Masken haben sich während der Pandemie als wirksames Instrument herausgestellt, um die Verbreitung des Coronavirus einzudämmen. In sozialen Netzwerken teilen Userinnen und User einen Beitrag, wonach die Association of American Physicians and Surgeons (AAPS) behauptet habe, eine Maskenpflicht sei wirkungslos und das Tragen von Masken schädlich. Den Aussagen der Organisation fehlt es jedoch an Kontext. Studien sowie Fachleute bestätigten zudem, dass Masken einen guten Schutz vor Viren bieten und nicht – wie behauptet – schaden.
“Maskenpflicht verhindert keine Ausbreitung von Atemwegsviren, sie schadet und verletzt das Recht auf informierte Zustimmung”, heißt es in einem deutschsprachigen Blogeintrag vom 15. September 2023. Dieses Statement wurde von der Association of American Physicians and Surgeons (AAPS) auf ihrer Website abgegeben, heißt es weiter.
Userinnen und User teilen die Behauptung in sozialen Medien. “Das Problem dabei sei, dass Empfehlungen und Anordnungen der #Regierung in Sachen Gesichtsbedeckungen ohne faktische wissenschaftliche Grundlage seien. Dabei würden auch mögliche #Gesundheitsschäden, die sich durch die Verwendung von #Masken ergeben können, vernachlässigt”, wird etwa in einem Facebook-Posting vom 15. September 2023, das mehrfach geteilt wurde, konkretisiert.
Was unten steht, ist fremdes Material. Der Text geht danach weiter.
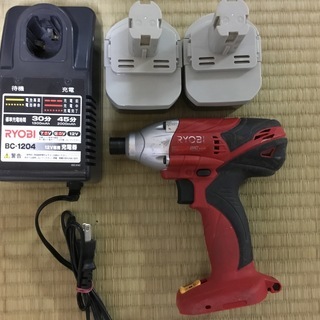 RYOBI 充電式インパクトドライバー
Auf Telegram wurde der Beitrag ebenfalls verbreitet und über 6000 Mal angesehen.
Zur Schutzwirkung von Masken vor Viren kursieren diverse Falschbehauptungen in sozialen Netzwerken. AFP hat in der Vergangenheit bereits Aussagen widerlegt, Masken enthielten gefährliche Giftstoffe, erhöhten das Krebsrisiko oder führten zu Sauerstoffmangel bei Kindern. Auch die Behauptung, FFP2-Masken würden keinen Schutz vor Viren bieten, widerlegte AFP bereits mehrfach (hier, hier, hier oder hier).
Link zu AAPS-Artikel über Maskenpflicht
Der deutschsprachige Blogeintrag stammt von der Plattform “Transition News“. Laut eigenen Angaben ist diese aus der Datenbank “Corona Transition” hervorgegangen, die 2020 gegründet wurde. Hierbei handelt es sich um eine impfkritische Schweizer Plattform. Auf dem Blog finden sich Beiträge, in denen auch Kritik an den Corona-Maßnahmen geübt wird. Die Plattform ist AFP in der Vergangenheit bereits mehrfach mit Falschbehauptungen aufgefallen (etwa hier und hier).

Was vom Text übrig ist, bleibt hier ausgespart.